If you have no training in teaching foreign languages (I began as a Spanish teacher), I would charge no more than $100 an hour, maybe a little less.

No-shows and last-minute cancellations drive me up the wall. Luckily, the few students I have don't do that, and if they have to cancel at the last minute, they know that they owe me for that class. By the way, I teach in my apartment and work only with adults who are at least a mid-intermediate level.


Thank you for the helpful input! I was honest with her (an am with myself) that being just being an native english speaker doesnt mean you would be a great teacher.
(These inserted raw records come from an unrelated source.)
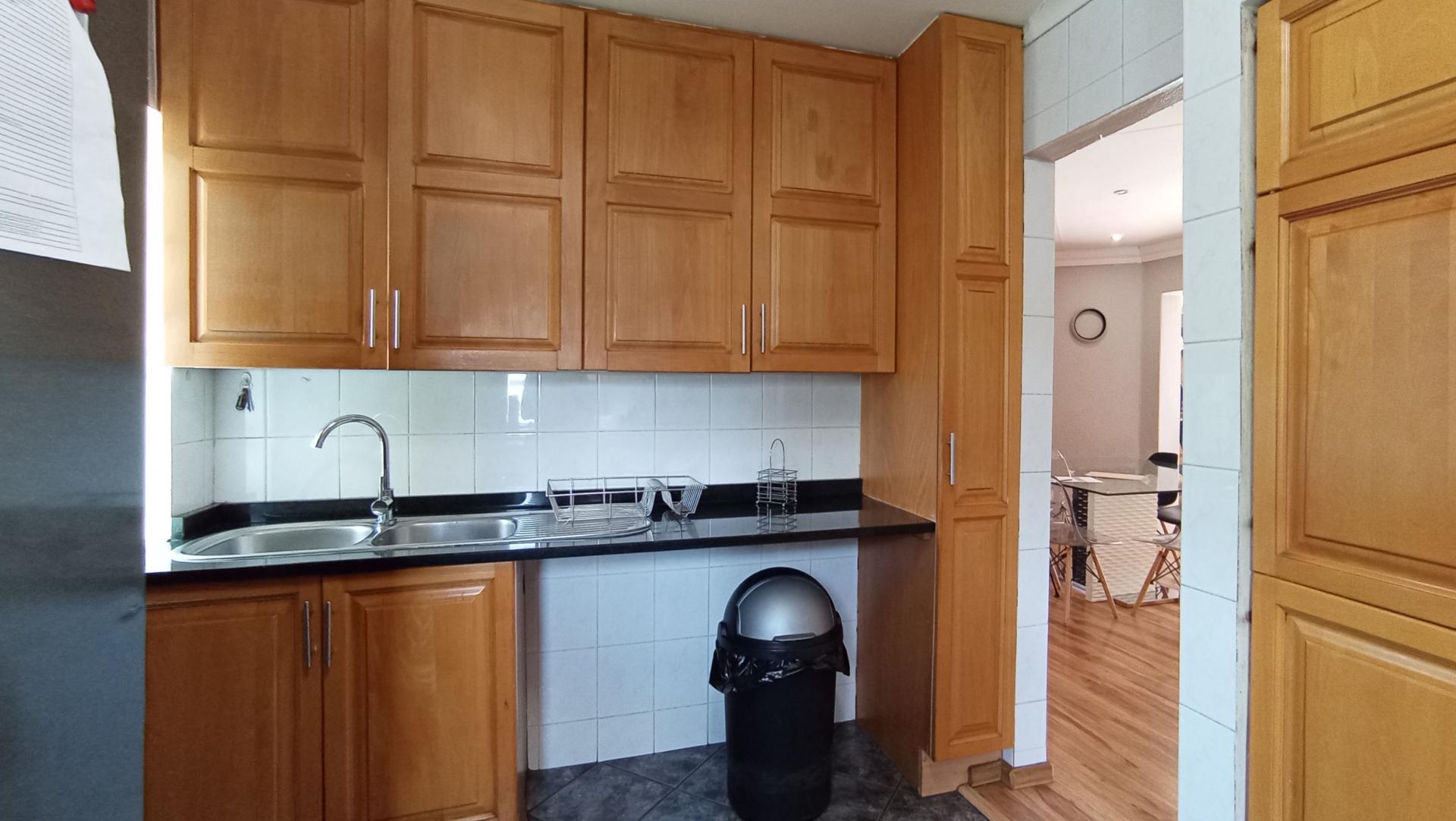 Kitchen - 15 square meters of property in North Riding A.H.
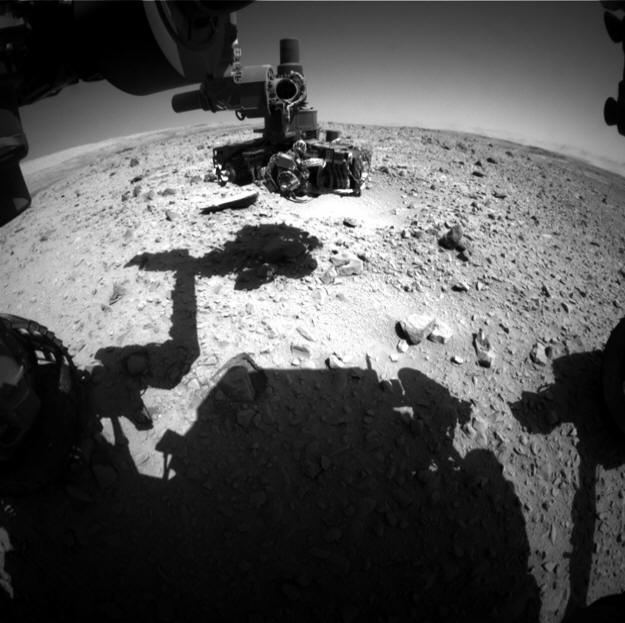 Slika je bila posneta nekaj minut po pojavu NLP-ja. Na nebu ni ničesar.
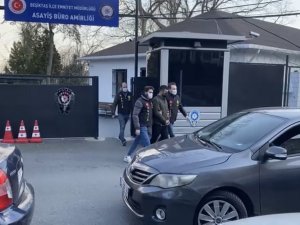 İ̇stanbul’da Silahlı Kavga Kamerada: Şakalaşıyormuş Gibi Yapıp Bacaklarından Vurdu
I guess the hesitancy about teaching in our home is... How do you know people that come into your home are truly there only for English lessons? Are all your students be referral, or random people like my case that hear your accent and ask you where you are from?
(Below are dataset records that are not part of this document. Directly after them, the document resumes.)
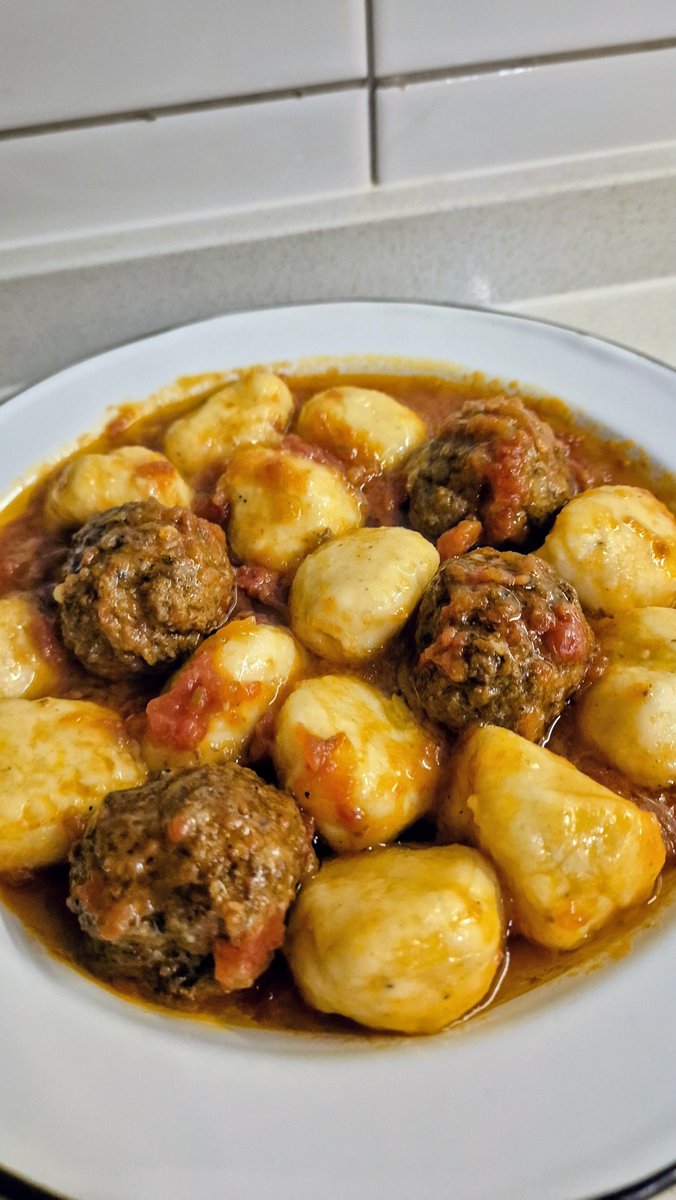 poggibru's tweet photo. Hice los ñoquis más ricos (y mas grandes) del mundo. La receta es de Francis y no falla. La salsa de tomate también es de Mallmann y tampoco falla. Para la próxima los corto más chicos 🫣 https://t.co/AJ0x9Zg6vb
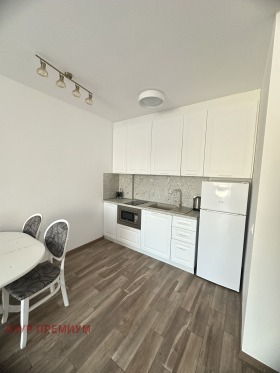 Обява Дава под наем 2-СТАЕН,град Варна, к.к. Св.Св. Константин и Елена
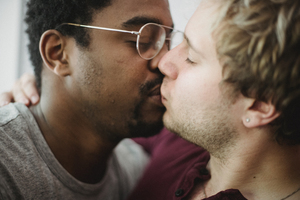 结婚证背景是暗红色可以吗 结婚证的照片背景是暗红色的可以吗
I didnt even allow stranger in my home in the States, so this isnt a paranoia about Mexico thing. Its more of a "I have two young children at home" thing.


Of course, being a native English speaker doesn't make you an effective teacher, though many people think it does. But if you are aware of language to some extent, then being a native speaker can make you a useful tutor, who can offer help with conversation practice, pronunciation and acquisition of common vocabulary and idioms. Also, if you've learned Spanish in a classroom situation, that can help you teach English to Spanish-speakers, which is partly how I got my start as an ESL/EFL teacher.
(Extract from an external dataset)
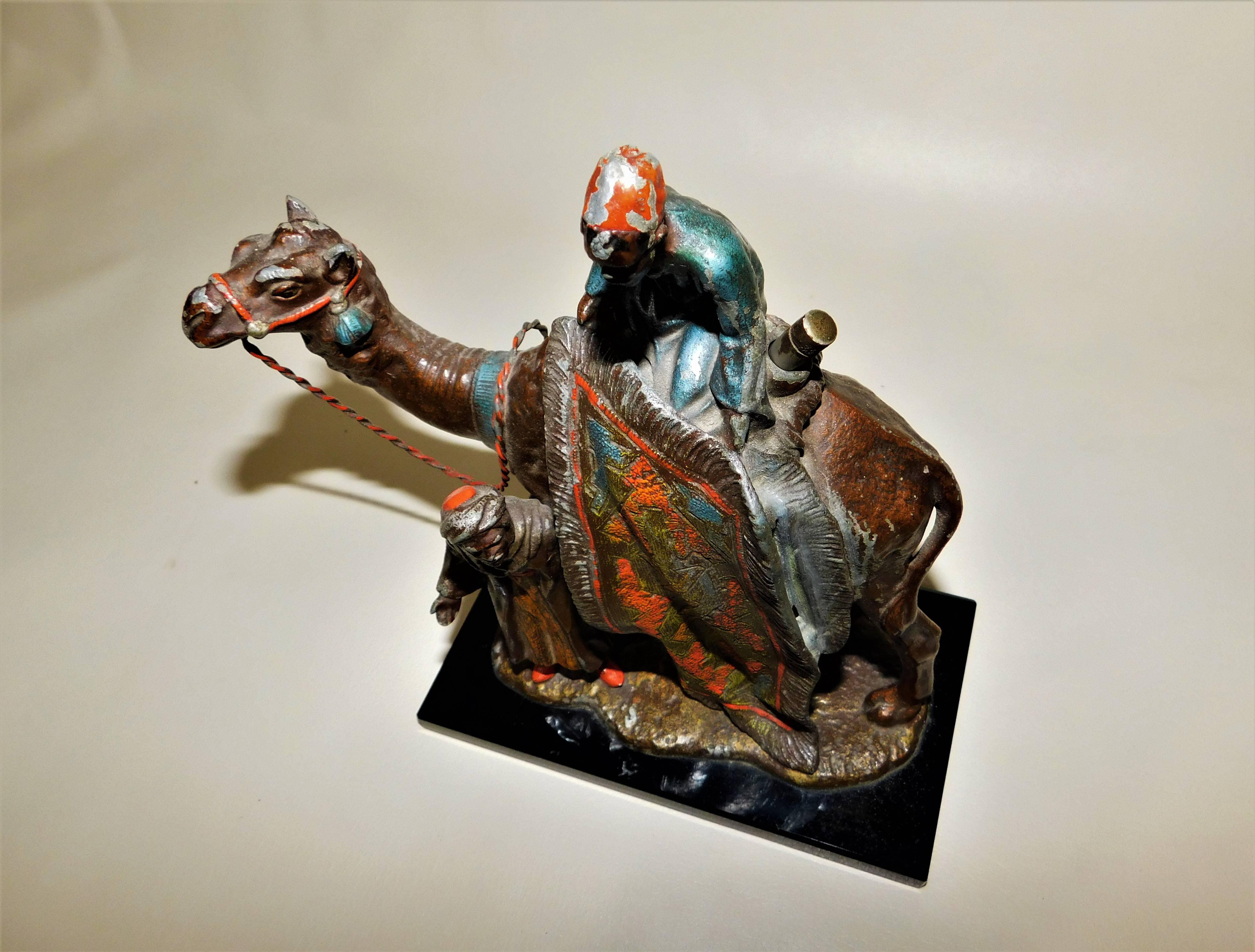 Encendedor de mesa austriaco de metal de espelta pintado en frío con escena de camello árabe 2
As far as being leery of inviting strangers to your home for English classes, that makes a lot of sense. My students have come to me through online ads I've placed or through recommendations of friends or other student. In a couple of cases, they were friends or neighbors. I've never had any of the many people I run into in my neighborhood who ask where I'm from and then express an interest in studying English with me actually do so. I've come to the conclusion for many Mexicans telling a native English-speaker you've just met that you need to learn English and want to take classes with them is either wishful thinking or just a matter of showing polite interest in who you are.

Anyway, when I get an online inquiry about English classes, the first meeting is never in my house. I arrange to meet the prospective student at a café in my barrio, and we have a long chat for two reasons: so I can make an informal assessment of the person's English level and to see what kind of person he or she is and if we'll get along. With one-on-one classes, the latter is very important. So far my method has worked out just fine. Of course, I've honed these skills by suffering through many dates with guys I've met on internet dating websites :-) !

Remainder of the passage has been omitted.